To be fair, I think that the onus is on the readers of a forum post to understand the language in which a post in written, rather than on the contributors to satisfy the needs of those reading it.  Therefore, I suppose that someone who takes the time to participate in the forums should feel free to respond in whatever language they feel most comfortable, and then, if they are feeling especially courteous, to go the extra mile and provide a translation in English, French, or whatever language they would like to see it in.  Millions of people are becoming connected to the internet and participating in the "wiki-revolution", and while I sympathize with someone not understanding the language in which someone contributes (I certainly would certainly be at a disadvantage if all the forums were written in arabic or korean), English is not the official language of the Internet.  I hope this does not seem rude, because it is a fair discussion to bring up and something people should talk about...so cheers to you for that.


----------



## xebonyx

I somewhat sympathize with the issue being raised here. I guess the mods are the ones who control the bounds of what is spoken within that forum? 

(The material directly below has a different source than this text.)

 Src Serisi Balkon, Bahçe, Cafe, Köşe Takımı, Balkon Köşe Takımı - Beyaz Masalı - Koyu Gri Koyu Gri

But I think it's because English is so pervasive in most cultures around the world (you virtually find it's presence everywhere) that it isn't asking much for those in the forum to attempt asking a question in English. Even if your English is limited, you don't have hurt yourself ie. "What is the negated copulae in the verbal form of blah blah blah?" A simple "How do I say," "What does this mean", etc. would suffice, and the addition "And sorry for my 'poor' ___insert language here___" helps the reader know to clearly explain the answer in a way that isn't entirely academic. As I'd assume, same goes for the other "This language only" forums. Remember, it pushes learners to try to learn the language extensively in order to more effectively communicate with others in the monolingual forums.


----------



## cubaMania

> ...it isn't asking much for those in the forum to attempt asking a question in English...


Good grief.  What about participants whose native language is French and who are here to learn Spanish?  or Koreans leaning Italian? or Russians learning German?  How could one possibly justify insisting that they conduct discussions in English?

(Many, many, many people in the world do not speak English.)


----------



## Stiklas

Thank you all for your responses. I was mainly wondering about forums that are supposed to be for everyone, like the "congrats Pages", "Cultural Discussions" and alike, and then only when a discussions seems to evolve... Being native of Lithuanian (a language hardly anyone speaks ), I do not think English should be the default for the whole of WR, and I do know the frustrations of being expected to "just know it", just because I live here...

I understand it is a double-edge sword, since those forums are for everyone... This is why I started the discussion I guess... Should we try to translate the main points to english for everyone, and help those that can't? Or should we leave it up to the elitness of each individual? Again, this is for those forums that are not language-specific...


----------



## e.ma

But in fact, if they really are *not language-specific*, why should everybody *specifically* speak English?


(That's why I was proposing Chinese; lingua franca: yes; but not necessarily English just because it is the language _you_ know: there are others more widely spoken)


"Everyone" shouldn't just mean "English speakers"


----------



## xebonyx

cubaMania said:


> Good grief.  What about participants whose native language is French and who are here to learn Spanish?  or Koreans leaning Italian? or Russians learning German?  How could one possibly justify insisting that they conduct discussions in English?
> 
> (Many, many, many people in the world do not speak English.)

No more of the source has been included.